The packed result is:

packedOut = [11.0, 22.0, 33.0, 44.0]

The scalar result is:

scalarOut = [11.0, 2.0, 3.0, 4.0]

Only the first value was added. The remaining three values were copied from a.

Processing an array

Most real SSE code processes arrays in chunks of four floats.

#include <xmmintrin.h>

void add_arrays(const float* a, const float* b, float* out, int count)
{
    int i = 0;

    for (; i + 3 < count; i += 4)
    {
        __m128 va = _mm_loadu_ps(&a[i]);
        __m128 vb = _mm_loadu_ps(&b[i]);

        __m128 result = _mm_add_ps(va, vb);

        _mm_storeu_ps(&out[i], result);
    }

    // Handle the remaining 1, 2, or 3 elements.
    for (; i < count; ++i)
    {
        out[i] = a[i] + b[i];
    }
}

The first loop handles four floats per iteration. The second loop handles the final elements when count is not a multiple of four.

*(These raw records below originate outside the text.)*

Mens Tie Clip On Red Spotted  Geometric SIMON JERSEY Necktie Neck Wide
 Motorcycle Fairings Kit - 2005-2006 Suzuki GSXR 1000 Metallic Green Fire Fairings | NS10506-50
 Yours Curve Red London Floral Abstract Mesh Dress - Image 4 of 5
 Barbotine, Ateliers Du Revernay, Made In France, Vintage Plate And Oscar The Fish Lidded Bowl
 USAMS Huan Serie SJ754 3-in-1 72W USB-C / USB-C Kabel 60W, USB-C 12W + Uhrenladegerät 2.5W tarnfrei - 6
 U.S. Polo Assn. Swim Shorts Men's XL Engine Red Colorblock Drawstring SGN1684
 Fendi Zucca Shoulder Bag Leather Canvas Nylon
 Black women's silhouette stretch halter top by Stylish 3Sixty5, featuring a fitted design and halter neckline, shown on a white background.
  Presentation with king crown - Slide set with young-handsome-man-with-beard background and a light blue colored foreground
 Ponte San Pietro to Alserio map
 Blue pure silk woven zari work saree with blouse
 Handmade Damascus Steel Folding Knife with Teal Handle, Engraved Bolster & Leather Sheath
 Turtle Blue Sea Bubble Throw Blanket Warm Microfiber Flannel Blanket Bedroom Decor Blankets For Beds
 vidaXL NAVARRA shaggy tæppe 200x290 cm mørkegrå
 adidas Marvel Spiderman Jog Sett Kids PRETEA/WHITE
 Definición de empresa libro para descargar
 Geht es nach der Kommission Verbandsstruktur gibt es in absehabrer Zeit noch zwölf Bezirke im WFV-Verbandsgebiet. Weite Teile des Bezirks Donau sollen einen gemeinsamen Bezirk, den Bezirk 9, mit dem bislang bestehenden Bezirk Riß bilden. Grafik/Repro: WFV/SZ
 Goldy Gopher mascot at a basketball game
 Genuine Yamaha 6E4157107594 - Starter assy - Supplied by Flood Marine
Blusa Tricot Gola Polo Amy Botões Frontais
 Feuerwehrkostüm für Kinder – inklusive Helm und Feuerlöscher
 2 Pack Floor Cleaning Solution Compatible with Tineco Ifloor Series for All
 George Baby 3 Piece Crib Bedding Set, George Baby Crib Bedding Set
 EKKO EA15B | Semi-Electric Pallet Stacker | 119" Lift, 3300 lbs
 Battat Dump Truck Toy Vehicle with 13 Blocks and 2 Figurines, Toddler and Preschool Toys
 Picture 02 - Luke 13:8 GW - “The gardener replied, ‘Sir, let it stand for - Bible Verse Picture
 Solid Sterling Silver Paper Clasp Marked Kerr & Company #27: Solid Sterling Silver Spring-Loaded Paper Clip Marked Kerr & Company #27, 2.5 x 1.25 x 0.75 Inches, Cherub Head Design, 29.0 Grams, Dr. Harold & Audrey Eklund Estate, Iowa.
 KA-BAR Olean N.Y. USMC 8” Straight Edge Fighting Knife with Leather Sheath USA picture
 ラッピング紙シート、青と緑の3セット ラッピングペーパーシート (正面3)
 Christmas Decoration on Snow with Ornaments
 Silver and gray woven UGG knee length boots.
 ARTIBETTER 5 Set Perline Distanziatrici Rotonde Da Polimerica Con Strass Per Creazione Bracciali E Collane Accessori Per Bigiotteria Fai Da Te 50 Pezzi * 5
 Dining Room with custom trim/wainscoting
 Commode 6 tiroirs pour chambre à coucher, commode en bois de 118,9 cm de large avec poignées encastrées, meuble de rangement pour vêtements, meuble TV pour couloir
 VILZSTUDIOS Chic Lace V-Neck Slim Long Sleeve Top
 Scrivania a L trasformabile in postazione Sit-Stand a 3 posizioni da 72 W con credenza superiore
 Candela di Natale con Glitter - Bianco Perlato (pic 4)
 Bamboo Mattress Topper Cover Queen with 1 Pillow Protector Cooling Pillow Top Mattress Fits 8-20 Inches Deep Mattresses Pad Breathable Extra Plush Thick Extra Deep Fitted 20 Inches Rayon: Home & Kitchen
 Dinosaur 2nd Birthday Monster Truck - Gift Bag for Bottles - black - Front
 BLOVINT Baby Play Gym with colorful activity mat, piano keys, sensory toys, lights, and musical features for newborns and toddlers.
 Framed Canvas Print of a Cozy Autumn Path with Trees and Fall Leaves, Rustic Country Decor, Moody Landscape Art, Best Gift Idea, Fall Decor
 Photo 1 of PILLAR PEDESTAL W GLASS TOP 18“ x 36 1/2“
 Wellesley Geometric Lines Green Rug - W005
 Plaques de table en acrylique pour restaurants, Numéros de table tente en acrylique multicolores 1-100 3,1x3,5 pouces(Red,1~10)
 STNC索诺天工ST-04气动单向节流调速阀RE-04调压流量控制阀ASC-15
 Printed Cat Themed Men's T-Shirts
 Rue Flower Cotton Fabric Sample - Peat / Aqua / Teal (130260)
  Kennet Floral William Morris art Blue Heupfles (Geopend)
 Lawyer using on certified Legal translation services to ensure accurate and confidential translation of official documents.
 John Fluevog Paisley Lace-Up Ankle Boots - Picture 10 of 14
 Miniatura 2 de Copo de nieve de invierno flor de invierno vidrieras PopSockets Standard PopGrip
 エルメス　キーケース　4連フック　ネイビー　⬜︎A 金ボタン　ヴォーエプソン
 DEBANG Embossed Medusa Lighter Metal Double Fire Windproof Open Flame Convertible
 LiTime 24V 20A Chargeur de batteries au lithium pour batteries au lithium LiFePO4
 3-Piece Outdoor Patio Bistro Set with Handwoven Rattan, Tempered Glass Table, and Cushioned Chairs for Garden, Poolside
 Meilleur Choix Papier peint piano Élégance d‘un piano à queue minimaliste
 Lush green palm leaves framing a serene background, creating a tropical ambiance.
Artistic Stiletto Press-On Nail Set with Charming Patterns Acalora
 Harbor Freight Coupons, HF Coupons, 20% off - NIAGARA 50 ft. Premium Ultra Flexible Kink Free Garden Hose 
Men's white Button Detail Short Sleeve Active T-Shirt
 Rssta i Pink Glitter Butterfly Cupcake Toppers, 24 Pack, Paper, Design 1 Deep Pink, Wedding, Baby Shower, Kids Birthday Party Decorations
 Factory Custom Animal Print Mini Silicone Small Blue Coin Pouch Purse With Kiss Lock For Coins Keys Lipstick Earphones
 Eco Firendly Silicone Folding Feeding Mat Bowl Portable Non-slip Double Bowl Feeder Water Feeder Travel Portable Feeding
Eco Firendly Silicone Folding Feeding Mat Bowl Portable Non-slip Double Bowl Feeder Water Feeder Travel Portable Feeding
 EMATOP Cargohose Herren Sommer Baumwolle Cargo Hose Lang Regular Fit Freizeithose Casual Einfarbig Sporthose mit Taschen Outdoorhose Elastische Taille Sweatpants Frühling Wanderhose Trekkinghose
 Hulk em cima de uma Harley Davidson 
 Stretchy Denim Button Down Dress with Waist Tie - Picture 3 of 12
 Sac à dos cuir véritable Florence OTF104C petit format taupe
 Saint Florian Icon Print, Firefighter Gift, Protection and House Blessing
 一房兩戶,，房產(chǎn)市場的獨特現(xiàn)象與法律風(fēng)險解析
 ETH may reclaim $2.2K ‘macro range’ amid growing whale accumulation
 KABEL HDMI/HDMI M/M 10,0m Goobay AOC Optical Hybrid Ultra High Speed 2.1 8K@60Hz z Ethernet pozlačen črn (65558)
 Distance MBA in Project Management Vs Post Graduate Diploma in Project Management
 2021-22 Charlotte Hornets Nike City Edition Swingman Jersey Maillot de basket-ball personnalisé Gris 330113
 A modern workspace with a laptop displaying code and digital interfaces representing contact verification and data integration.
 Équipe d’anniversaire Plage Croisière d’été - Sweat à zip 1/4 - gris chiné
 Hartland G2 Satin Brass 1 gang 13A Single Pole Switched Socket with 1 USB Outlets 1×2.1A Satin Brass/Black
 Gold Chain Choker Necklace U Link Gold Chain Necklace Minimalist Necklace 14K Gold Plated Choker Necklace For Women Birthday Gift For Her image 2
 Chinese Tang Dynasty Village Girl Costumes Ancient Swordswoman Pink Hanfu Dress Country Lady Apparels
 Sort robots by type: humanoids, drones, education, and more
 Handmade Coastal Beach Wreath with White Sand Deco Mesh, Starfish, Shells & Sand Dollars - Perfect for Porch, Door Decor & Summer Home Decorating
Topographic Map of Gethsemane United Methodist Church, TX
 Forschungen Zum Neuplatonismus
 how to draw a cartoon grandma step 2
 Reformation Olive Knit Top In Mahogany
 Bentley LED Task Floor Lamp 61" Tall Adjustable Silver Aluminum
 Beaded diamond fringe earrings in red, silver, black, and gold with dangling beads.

Scaling and offsetting an array

This example computes:

out[i] = input[i] * scale + offset;

for every element in the input array.

#include <xmmintrin.h>

void scale_and_offset(const float* input,
                      float* output,
                      int count,
                      float scale,
                      float offset)
{
    __m128 vscale = _mm_set1_ps(scale);
    __m128 voffset = _mm_set1_ps(offset);

    int i = 0;

    for (; i + 3 < count; i += 4)
    {
        __m128 x = _mm_loadu_ps(&input[i]);

        __m128 y = _mm_mul_ps(x, vscale);
        y = _mm_add_ps(y, voffset);

        _mm_storeu_ps(&output[i], y);
    }

    for (; i < count; ++i)
    {
        output[i] = input[i] * scale + offset;
    }
}

_mm_set1_ps broadcasts the same value to all four lanes:

_mm_set1_ps(2.0f) -> [2.0, 2.0, 2.0, 2.0]

This is useful when applying the same constant to several values.

Clamping values with MINPS and MAXPS

MINPS and MAXPS can be used to clamp four values at a time.

The following example clamps every value to the range [minValue, maxValue].

#include <xmmintrin.h>

void clamp_array(const float* input,
                 float* output,
                 int count,
                 float minValue,
                 float maxValue)
{
    __m128 vmin = _mm_set1_ps(minValue);
    __m128 vmax = _mm_set1_ps(maxValue);

    int i = 0;

    for (; i + 3 < count; i += 4)
    {
        __m128 x = _mm_loadu_ps(&input[i]);

        x = _mm_max_ps(x, vmin); // x = max(x, minValue)
        x = _mm_min_ps(x, vmax); // x = min(x, maxValue)

        _mm_storeu_ps(&output[i], x);
    }

    for (; i < count; ++i)
    {
        float x = input[i];

        if (x < minValue)
            x = minValue;

        if (x > maxValue)
            x = maxValue;

        output[i] = x;
    }
}

This kind of operation is common in image processing, audio processing, physics, and numerical code.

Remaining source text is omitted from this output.